SUPPLIED MATERIAL =>
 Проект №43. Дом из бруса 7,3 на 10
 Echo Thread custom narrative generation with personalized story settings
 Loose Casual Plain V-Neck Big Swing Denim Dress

* * *

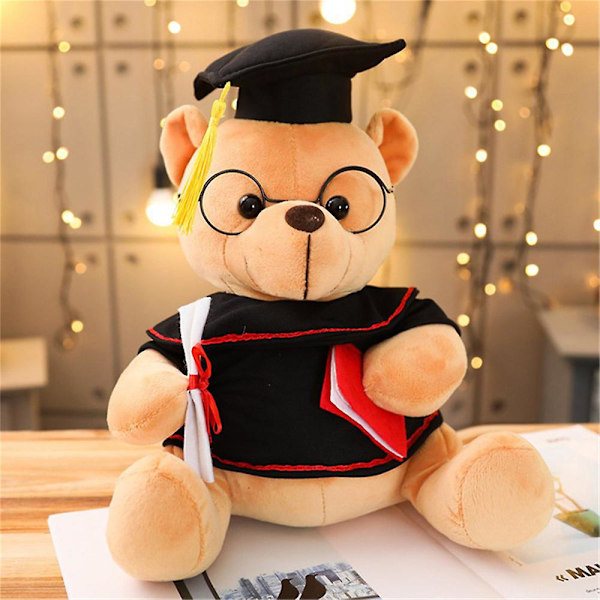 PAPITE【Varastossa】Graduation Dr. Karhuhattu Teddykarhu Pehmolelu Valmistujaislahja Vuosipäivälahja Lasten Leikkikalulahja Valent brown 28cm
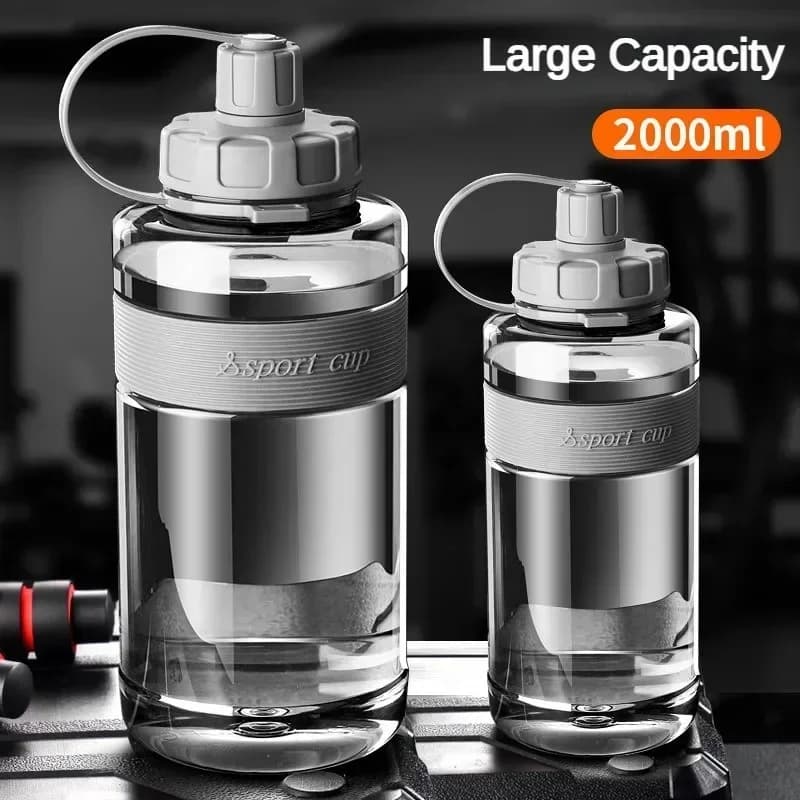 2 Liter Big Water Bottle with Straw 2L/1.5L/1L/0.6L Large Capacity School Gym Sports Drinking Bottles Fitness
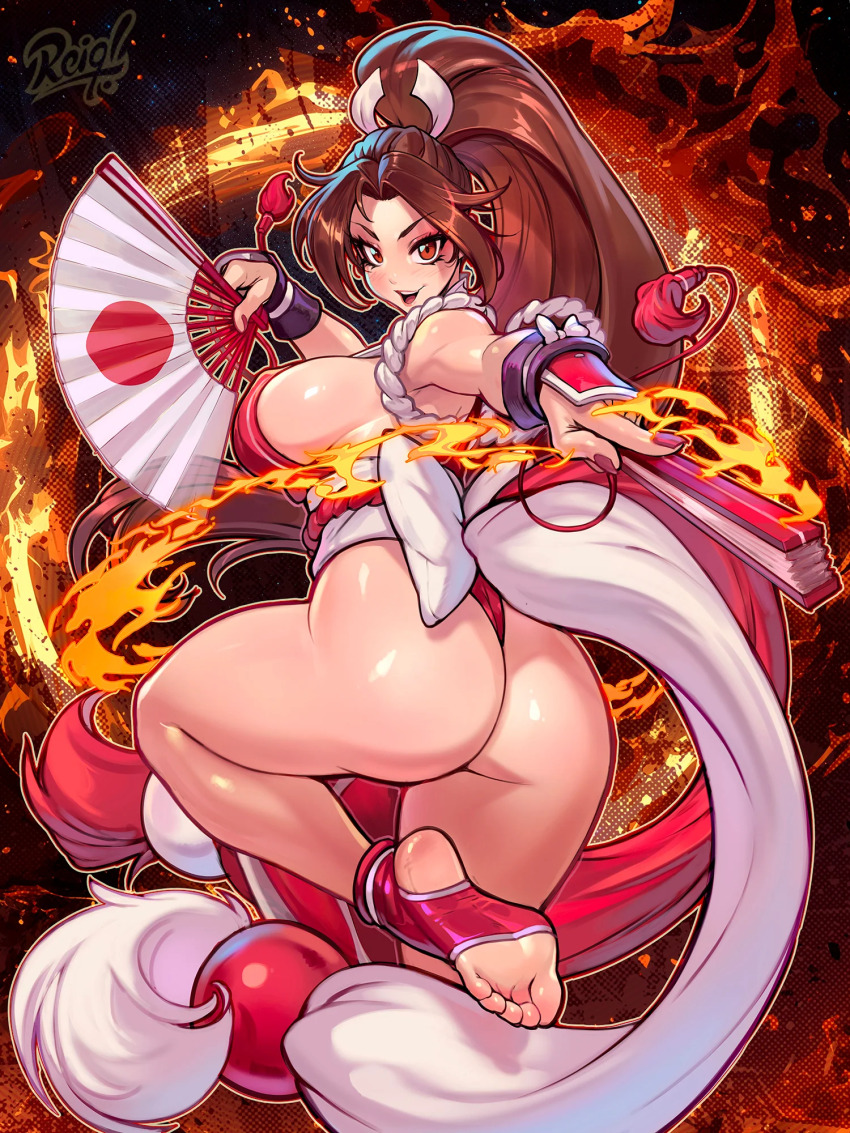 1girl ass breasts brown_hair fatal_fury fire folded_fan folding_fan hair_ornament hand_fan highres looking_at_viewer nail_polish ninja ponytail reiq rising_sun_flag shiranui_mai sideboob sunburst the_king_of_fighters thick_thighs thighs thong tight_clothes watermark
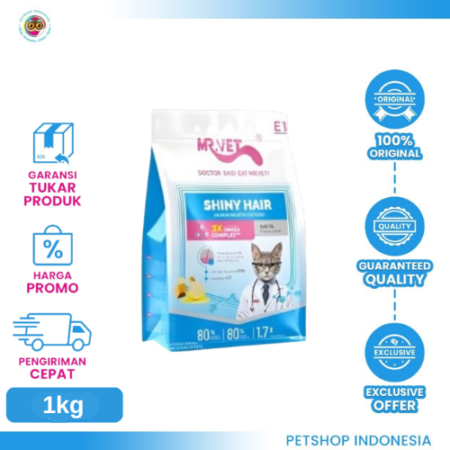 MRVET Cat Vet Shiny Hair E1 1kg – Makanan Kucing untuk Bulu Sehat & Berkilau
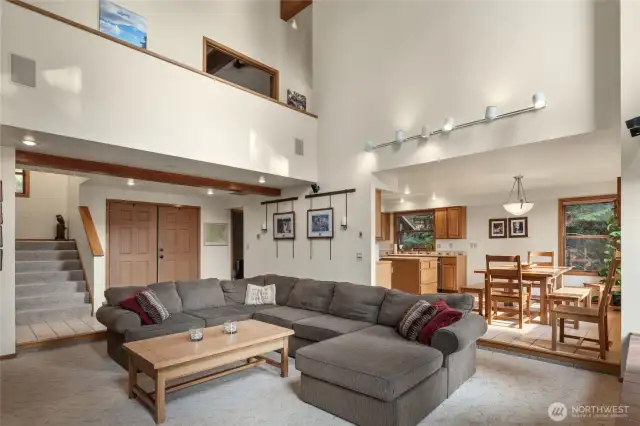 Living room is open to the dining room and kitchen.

ACTIVITY =>
When you reach the line containing "Проект №43. Дом из бруса 7,3 на 10" in the data above, start copying exactly, and stop after the line containing "Loose Casual Plain".

RESPONSE FOR THIS EXERCISE =>
 Проект №43. Дом из бруса 7,3 на 10
 Echo Thread custom narrative generation with personalized story settings
 Loose Casual Plain V-Neck Big Swing Denim Dress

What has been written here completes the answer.